BRIEF: Include in the output the line containing "Medallion, 1 of 8" and each subsequent line of the records, through the end, transcribed exactly. Add nothing else.

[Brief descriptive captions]
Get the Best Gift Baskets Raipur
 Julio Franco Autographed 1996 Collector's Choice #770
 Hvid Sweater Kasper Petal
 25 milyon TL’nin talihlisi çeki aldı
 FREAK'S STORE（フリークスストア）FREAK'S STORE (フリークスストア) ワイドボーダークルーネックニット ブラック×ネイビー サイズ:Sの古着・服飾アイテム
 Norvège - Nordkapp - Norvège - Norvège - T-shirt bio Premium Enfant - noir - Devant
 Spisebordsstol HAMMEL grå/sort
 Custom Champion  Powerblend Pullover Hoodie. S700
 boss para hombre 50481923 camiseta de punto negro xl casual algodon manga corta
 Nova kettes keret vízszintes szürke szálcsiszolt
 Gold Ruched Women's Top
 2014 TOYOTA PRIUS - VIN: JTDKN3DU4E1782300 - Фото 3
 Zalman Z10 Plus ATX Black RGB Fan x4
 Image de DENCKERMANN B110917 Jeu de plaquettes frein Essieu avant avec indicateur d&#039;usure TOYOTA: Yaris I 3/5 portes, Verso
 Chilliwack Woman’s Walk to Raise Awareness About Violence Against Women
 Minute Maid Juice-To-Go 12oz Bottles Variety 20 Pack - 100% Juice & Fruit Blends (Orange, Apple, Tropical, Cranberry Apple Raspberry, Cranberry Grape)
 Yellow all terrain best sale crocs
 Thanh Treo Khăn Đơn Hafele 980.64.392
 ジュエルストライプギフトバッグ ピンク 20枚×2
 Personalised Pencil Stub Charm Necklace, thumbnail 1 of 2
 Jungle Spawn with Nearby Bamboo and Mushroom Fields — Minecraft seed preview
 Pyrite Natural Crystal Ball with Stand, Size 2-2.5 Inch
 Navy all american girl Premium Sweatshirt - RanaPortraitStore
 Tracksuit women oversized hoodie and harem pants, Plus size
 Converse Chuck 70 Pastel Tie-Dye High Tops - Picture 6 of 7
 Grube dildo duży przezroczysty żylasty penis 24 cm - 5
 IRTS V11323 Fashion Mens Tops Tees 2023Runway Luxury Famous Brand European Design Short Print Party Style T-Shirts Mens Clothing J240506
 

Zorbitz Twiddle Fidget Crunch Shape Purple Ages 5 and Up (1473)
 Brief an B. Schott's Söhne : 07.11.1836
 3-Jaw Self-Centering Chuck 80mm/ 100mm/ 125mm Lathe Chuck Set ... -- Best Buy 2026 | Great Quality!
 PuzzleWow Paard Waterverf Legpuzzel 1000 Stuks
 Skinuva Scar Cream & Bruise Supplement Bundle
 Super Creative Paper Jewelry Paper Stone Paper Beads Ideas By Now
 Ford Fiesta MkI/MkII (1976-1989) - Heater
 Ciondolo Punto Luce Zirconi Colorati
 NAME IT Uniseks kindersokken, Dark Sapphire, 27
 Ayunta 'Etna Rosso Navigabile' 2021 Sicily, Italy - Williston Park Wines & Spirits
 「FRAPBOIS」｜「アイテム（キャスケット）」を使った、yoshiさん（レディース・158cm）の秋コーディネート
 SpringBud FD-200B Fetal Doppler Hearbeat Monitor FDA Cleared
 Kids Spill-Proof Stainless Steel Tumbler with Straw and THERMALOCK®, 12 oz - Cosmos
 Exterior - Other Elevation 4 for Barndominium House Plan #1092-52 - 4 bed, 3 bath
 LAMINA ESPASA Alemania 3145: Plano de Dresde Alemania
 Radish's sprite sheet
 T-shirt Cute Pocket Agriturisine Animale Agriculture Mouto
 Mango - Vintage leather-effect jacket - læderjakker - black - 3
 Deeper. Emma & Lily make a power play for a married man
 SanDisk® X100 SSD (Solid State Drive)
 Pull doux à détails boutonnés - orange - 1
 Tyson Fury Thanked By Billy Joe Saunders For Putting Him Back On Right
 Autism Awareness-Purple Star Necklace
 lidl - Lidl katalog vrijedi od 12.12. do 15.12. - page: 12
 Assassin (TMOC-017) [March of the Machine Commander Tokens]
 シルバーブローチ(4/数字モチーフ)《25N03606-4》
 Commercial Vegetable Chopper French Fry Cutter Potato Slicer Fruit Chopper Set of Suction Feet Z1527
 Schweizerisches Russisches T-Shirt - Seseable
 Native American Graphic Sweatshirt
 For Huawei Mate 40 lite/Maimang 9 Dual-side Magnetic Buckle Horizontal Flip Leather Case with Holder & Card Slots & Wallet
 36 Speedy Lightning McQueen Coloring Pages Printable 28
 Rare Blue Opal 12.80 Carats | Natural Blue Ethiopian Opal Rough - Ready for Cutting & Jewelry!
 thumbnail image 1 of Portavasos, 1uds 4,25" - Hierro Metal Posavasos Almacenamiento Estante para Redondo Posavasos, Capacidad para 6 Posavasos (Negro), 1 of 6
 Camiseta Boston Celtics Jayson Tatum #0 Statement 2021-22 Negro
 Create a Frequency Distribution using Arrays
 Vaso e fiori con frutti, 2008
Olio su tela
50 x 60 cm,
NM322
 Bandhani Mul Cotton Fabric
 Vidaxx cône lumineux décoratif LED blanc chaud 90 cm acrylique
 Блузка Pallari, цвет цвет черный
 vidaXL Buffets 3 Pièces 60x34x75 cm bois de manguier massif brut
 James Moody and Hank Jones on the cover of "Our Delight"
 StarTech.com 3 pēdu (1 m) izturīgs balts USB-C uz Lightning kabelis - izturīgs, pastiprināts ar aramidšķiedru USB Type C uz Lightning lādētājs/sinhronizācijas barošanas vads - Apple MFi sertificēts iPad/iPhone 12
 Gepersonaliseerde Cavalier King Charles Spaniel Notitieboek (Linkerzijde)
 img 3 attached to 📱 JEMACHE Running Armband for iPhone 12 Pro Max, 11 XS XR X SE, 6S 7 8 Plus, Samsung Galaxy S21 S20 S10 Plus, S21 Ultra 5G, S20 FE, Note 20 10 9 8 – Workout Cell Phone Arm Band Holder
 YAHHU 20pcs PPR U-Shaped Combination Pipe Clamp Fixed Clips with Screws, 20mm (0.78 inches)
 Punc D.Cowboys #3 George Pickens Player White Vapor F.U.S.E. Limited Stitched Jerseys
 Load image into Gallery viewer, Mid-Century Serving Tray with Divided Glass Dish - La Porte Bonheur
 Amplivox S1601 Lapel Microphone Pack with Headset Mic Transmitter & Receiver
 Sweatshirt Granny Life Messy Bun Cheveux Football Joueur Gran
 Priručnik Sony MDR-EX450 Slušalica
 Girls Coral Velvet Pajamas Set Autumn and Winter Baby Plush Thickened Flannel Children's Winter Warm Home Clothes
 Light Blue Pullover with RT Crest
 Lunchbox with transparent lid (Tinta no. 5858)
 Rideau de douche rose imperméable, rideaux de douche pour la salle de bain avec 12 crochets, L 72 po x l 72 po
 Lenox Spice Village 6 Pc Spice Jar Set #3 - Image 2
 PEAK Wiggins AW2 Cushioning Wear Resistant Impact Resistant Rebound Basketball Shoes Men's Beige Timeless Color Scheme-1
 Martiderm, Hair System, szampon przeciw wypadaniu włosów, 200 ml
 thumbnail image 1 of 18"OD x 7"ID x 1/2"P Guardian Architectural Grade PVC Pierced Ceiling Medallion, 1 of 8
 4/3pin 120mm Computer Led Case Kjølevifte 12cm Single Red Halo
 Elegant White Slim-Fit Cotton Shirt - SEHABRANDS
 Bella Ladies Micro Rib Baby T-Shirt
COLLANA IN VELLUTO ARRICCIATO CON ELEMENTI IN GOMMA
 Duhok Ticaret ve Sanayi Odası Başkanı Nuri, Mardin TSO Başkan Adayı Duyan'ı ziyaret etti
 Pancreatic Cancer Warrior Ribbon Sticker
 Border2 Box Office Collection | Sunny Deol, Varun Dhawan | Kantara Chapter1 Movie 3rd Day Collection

THE COMPLETED TASK:
 thumbnail image 1 of 18"OD x 7"ID x 1/2"P Guardian Architectural Grade PVC Pierced Ceiling Medallion, 1 of 8
 4/3pin 120mm Computer Led Case Kjølevifte 12cm Single Red Halo
 Elegant White Slim-Fit Cotton Shirt - SEHABRANDS
 Bella Ladies Micro Rib Baby T-Shirt
COLLANA IN VELLUTO ARRICCIATO CON ELEMENTI IN GOMMA
 Duhok Ticaret ve Sanayi Odası Başkanı Nuri, Mardin TSO Başkan Adayı Duyan'ı ziyaret etti
 Pancreatic Cancer Warrior Ribbon Sticker
 Border2 Box Office Collection | Sunny Deol, Varun Dhawan | Kantara Chapter1 Movie 3rd Day Collection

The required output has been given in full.